§ Records provided:
********************
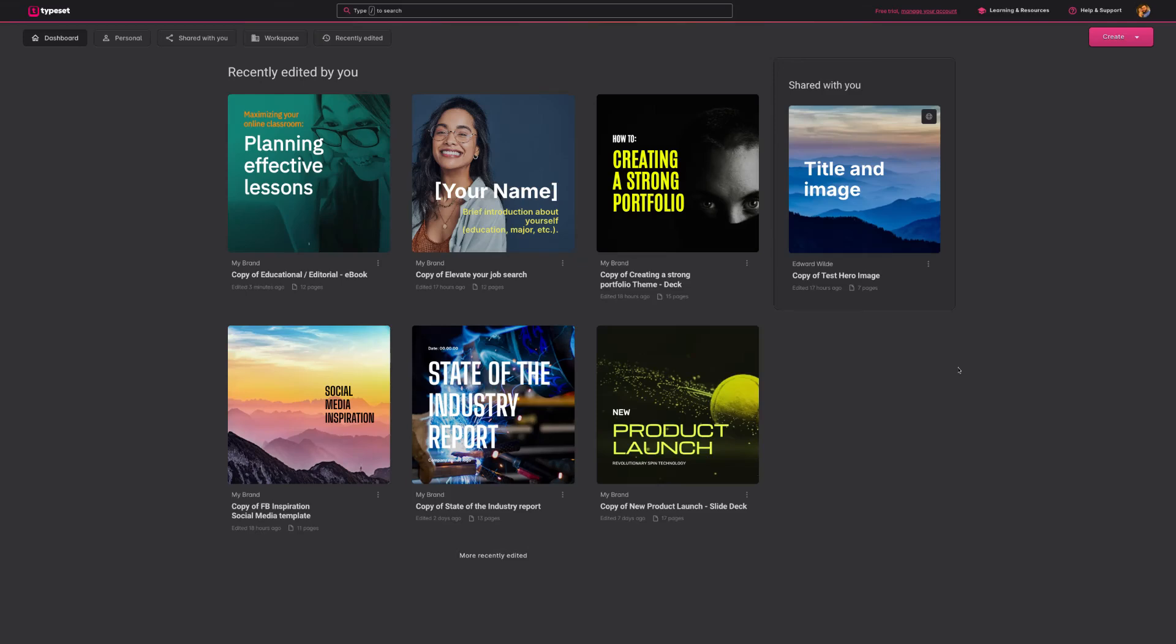Hello and welcome to TypeSet. Today I'm going to teach you how to make your first project in TypeSet and also give you a brief overview of what to expect when you first log in.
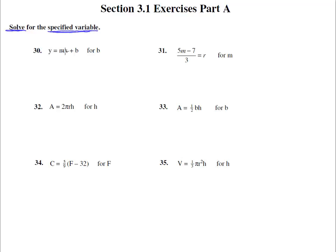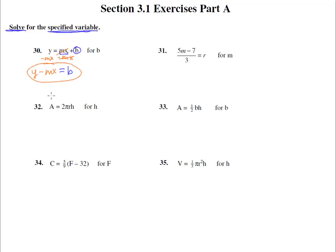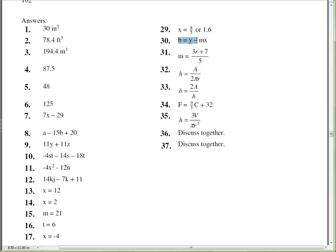Number 30: solve y = mx + b for b, meaning b is what we're trying to find. The mx is multiplied together by order of operations, so it needs to be removed as one whole thing. It's attached to b with a plus, so we subtract mx from both sides. Those terms cancel and we're left with b = y - mx.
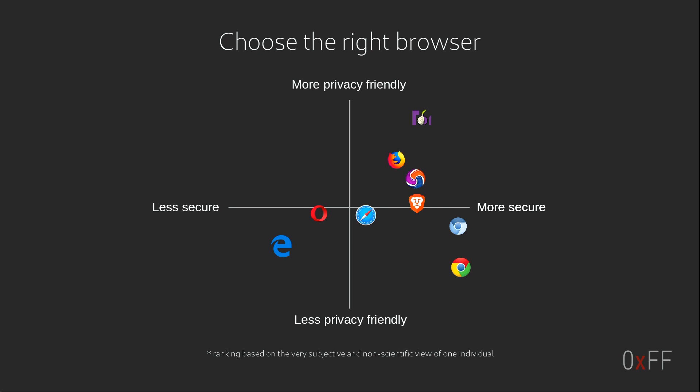So my recommendation here is that don't just use one browser—use different ones for different things. Personally I use a combination of the Tor browser and Firefox and Chromium.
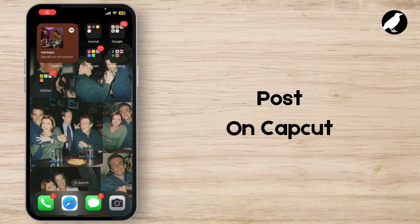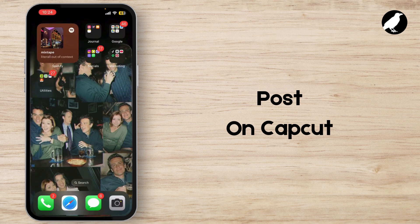In today's video, I'm going to walk you through exactly how to post your videos in CapCut. CapCut is an amazing video editing app and it's got all kinds of features to help you create stunning content. But the big question is, how do you post your finished edits? Whether you're a beginner or have been using CapCut for a while, this tutorial will show you how to get your video from the app to your social media feeds in no time.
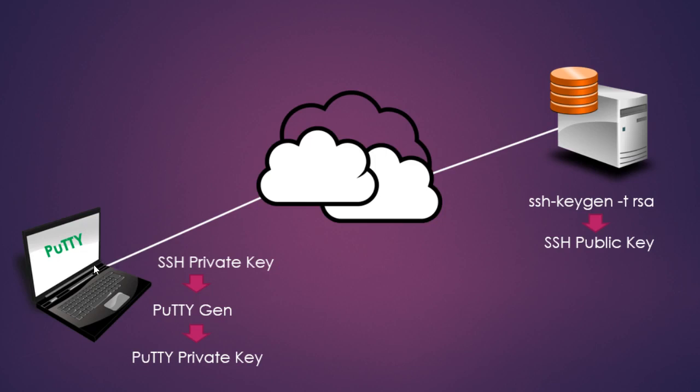Once we've informed our PuTTY client to use that private key when we authenticate, it should be able to use the public key that's on that server and authenticate without needing passwords.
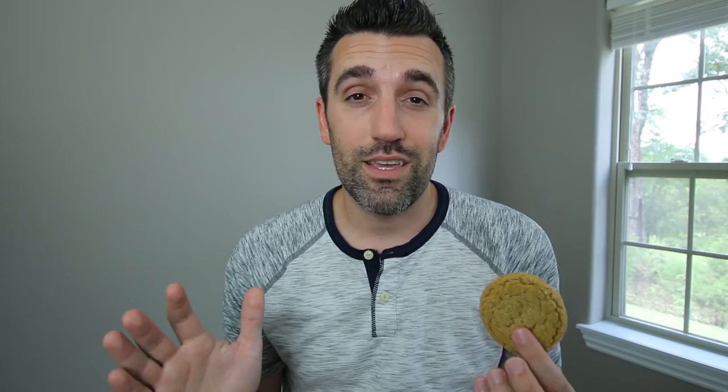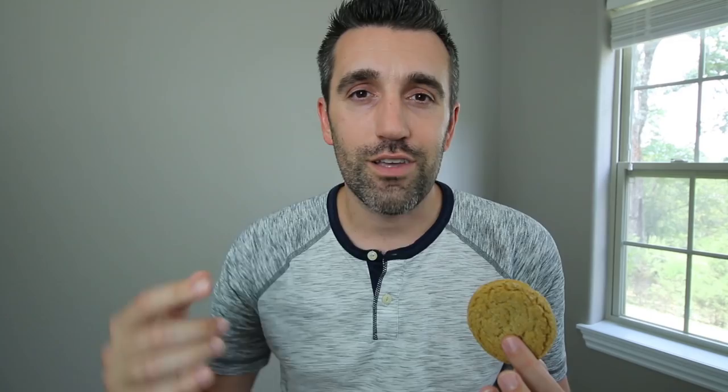There are a ton of different ways to view metadata, but I want to share with you one simple tool that works across every single device and every operating system. It's a tool developed by Jeffrey Friedl and it's called the Metadata Viewer. I'll link to it down below.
********************
§ Brief: Take every entry and repeat it verbatim, minus the pictures.

§ Exercise result:
Hello and welcome to TypeSet. Today I'm going to teach you how to make your first project in TypeSet and also give you a brief overview of what to expect when you first log in.
Number 30: solve y = mx + b for b, meaning b is what we're trying to find. The mx is multiplied together by order of operations, so it needs to be removed as one whole thing. It's attached to b with a plus, so we subtract mx from both sides. Those terms cancel and we're left with b = y - mx.
So my recommendation here is that don't just use one browser—use different ones for different things. Personally I use a combination of the Tor browser and Firefox and Chromium.
In today's video, I'm going to walk you through exactly how to post your videos in CapCut. CapCut is an amazing video editing app and it's got all kinds of features to help you create stunning content. But the big question is, how do you post your finished edits? Whether you're a beginner or have been using CapCut for a while, this tutorial will show you how to get your video from the app to your social media feeds in no time.
Once we've informed our PuTTY client to use that private key when we authenticate, it should be able to use the public key that's on that server and authenticate without needing passwords.
There are a ton of different ways to view metadata, but I want to share with you one simple tool that works across every single device and every operating system. It's a tool developed by Jeffrey Friedl and it's called the Metadata Viewer. I'll link to it down below.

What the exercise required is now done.